В неведении — большая драма. Она узнала обо всем только за полминуты до смерти. Она засмеялась, ибо теперь можно будет все так просто развеять. Но в следующее мгновение Отелло убил ее.
*
Я очень люблю музыку Шостаковича. Я мог бы долго говорить о том, какие чувства она вызывает во мне. Я спокойно не могу слушать созвучия Шостаковича. Меня волнует не только общий замысел какой-то его симфонии, но и каждый момент сочетания звуков. Эти звуки во мне как-то особенно отзываются, часто пробуждая почти неосознанные драматические чувства. Уже вслед за этим разум подсказывает мне, отчего это так. Но я хотел сказать тут только об одном моменте. Для меня его музыка дорога еще тем, что ни в одном музыкальном переходе я не ощущаю банальности, то есть, может быть, того, что с легкостью можно было бы предчувствовать, слушая окончание одной музыкальной фразы и ожидая начала другой. Но послушайте обычную, ординарную музыку. Вы услышите там сотни таких переходов и окончаний, которые слышали уже неоднократно и вчера, и сегодня, и в одном произведении, и в другом, и в третьем. Такой композитор, сам того не осознавая, попадает как бы на протоптанную тропиночку, и, следуя за ним, вы доходите до знакомого забора и возвращаетесь назад. И так, представьте себе, каждый день только по одной или двум тропинкам.

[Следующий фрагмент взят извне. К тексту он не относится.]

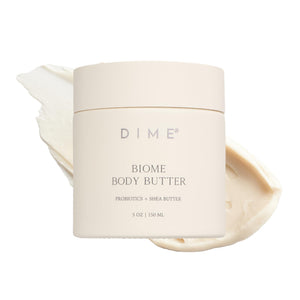 DIME Biome Body Butter pote con textura nutritiva para piel extremadamente seca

Другое дело — хорошая музыка. Вы благодаря ей идете куда-то, и вам кажется, что вот-вот свернете на эту тропинку, но — дудки! Каким-то тончайшим созвучием вас переводят на новое, незнакомое вам место, и вы взволнованно оглядываетесь по сторонам.
*
Не все люди увлекаются искусством, тем более серьезным. Этому есть много причин. Одна из них — часто даже не вполне сознательное недоверие к искусству. Оно возникает в раннем возрасте, может быть, как раз тогда, когда детей гуськом ведут в театр. Они возбуждены культпоходом: учителей нет, оценок не будет, родители далеко. И это чувство раскрепощенности мешает подростку сосредоточиться во время спектакля. Иногда ему хочется как бы отъединиться и проникнуть в то, что говорят со сцены, но боязно показаться размякшим. Общая легкомысленная непринужденность перевешивает.
Обратите внимание: на так называемом «целевом» спектакл,. где зрители, допустим, из одного учреждения, реакции зрительного зала часто смещаются. Обстановка компанейства далеко не всегда помогает глубине восприятия. Гораздо лучше, когда зал полон самых разных, незнакомых людей. Тогда возникает какое-то более мудрое единство. Так даже у взрослых.
Атмосфера самих театров тоже не всегда располагает к тишине и сосредоточенности, начиная с интерьера и кончая обслуживающим персоналом.
Взрослые, быть может, сумеют отрешиться от посторонних, второстепенных впечатлений, а ребенок, хотя и бессознательно, становится частью общей нехудожественной атмосферы. Впрочем, обстановка может быть совсем небогатой. Не в этом дело. Но она должна быть «от искусства». Сам воздух должен быть как бы наполнен искусством. Сама по себе такая атмосфера не делается. Тут нужна большая работа. К сожалению, не все занимающиеся творчеством умеют это делать.